From the top of the entries below through the line containing "烏日學區旁樓店雙平面車位房屋室內格局與周邊環境", return every line exactly as written, please, and stop there.

*** Opening of Source material ***

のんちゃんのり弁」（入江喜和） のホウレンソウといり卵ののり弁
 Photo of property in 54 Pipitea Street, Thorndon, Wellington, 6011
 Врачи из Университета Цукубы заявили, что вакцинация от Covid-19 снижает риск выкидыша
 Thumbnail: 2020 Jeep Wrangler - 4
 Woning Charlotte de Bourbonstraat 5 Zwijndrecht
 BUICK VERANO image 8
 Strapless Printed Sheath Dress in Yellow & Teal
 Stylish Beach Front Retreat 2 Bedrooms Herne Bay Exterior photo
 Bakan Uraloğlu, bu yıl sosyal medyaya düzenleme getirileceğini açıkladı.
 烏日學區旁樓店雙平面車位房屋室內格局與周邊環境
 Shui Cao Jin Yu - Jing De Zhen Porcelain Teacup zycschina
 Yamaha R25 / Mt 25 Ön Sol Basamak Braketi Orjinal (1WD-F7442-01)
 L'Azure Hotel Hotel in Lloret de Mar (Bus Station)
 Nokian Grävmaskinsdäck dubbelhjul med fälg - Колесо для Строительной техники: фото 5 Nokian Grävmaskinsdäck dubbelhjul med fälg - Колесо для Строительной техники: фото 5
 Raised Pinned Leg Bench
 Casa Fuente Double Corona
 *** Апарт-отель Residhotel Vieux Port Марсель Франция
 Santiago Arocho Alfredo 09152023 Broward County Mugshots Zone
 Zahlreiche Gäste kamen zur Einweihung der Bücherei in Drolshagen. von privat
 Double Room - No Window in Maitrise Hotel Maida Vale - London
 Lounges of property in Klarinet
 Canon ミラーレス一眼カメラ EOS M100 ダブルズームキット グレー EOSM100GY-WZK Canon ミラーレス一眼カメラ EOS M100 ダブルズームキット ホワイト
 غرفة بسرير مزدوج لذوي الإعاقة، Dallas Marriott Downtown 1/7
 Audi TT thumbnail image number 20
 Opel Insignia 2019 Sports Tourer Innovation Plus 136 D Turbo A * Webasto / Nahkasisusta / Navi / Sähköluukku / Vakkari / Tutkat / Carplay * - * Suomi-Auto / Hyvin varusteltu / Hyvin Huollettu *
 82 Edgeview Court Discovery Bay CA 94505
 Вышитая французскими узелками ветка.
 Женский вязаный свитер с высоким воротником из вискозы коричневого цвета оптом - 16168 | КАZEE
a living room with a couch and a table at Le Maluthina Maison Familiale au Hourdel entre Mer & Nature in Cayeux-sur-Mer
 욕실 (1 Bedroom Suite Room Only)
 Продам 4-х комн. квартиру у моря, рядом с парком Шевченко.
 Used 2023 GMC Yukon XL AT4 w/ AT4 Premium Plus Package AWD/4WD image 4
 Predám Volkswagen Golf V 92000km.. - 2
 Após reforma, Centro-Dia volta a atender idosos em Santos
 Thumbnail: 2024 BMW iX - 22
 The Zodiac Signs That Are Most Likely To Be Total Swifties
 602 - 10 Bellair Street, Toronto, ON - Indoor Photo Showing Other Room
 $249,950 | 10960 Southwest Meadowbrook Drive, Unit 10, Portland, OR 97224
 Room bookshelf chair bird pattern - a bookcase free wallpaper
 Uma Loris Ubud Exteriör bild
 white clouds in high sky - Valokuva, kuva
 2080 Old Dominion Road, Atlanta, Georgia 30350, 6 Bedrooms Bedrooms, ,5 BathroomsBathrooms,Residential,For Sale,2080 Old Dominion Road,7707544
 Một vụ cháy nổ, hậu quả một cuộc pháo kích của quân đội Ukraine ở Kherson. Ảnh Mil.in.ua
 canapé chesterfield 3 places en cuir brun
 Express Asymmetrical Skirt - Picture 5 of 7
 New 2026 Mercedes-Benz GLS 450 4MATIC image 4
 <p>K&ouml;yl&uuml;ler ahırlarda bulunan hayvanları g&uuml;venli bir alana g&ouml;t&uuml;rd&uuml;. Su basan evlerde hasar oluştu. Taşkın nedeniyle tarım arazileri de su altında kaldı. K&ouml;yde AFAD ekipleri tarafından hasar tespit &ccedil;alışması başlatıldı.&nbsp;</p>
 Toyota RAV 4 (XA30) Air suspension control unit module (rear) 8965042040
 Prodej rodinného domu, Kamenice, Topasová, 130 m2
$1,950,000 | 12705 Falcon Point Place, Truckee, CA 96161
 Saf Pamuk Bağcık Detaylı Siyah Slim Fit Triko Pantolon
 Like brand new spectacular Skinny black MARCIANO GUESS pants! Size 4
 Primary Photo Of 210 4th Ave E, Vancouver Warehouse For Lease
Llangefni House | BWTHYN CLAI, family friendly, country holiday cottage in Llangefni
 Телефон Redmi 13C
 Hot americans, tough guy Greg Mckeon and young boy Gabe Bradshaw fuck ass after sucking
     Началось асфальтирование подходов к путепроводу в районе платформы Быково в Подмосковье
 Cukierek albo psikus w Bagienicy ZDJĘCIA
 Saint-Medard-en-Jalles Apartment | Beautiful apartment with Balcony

*** Close of Source material ***

● **Written reply**
のんちゃんのり弁」（入江喜和） のホウレンソウといり卵ののり弁
 Photo of property in 54 Pipitea Street, Thorndon, Wellington, 6011
 Врачи из Университета Цукубы заявили, что вакцинация от Covid-19 снижает риск выкидыша
 Thumbnail: 2020 Jeep Wrangler - 4
 Woning Charlotte de Bourbonstraat 5 Zwijndrecht
 BUICK VERANO image 8
 Strapless Printed Sheath Dress in Yellow & Teal
 Stylish Beach Front Retreat 2 Bedrooms Herne Bay Exterior photo
 Bakan Uraloğlu, bu yıl sosyal medyaya düzenleme getirileceğini açıkladı.
 烏日學區旁樓店雙平面車位房屋室內格局與周邊環境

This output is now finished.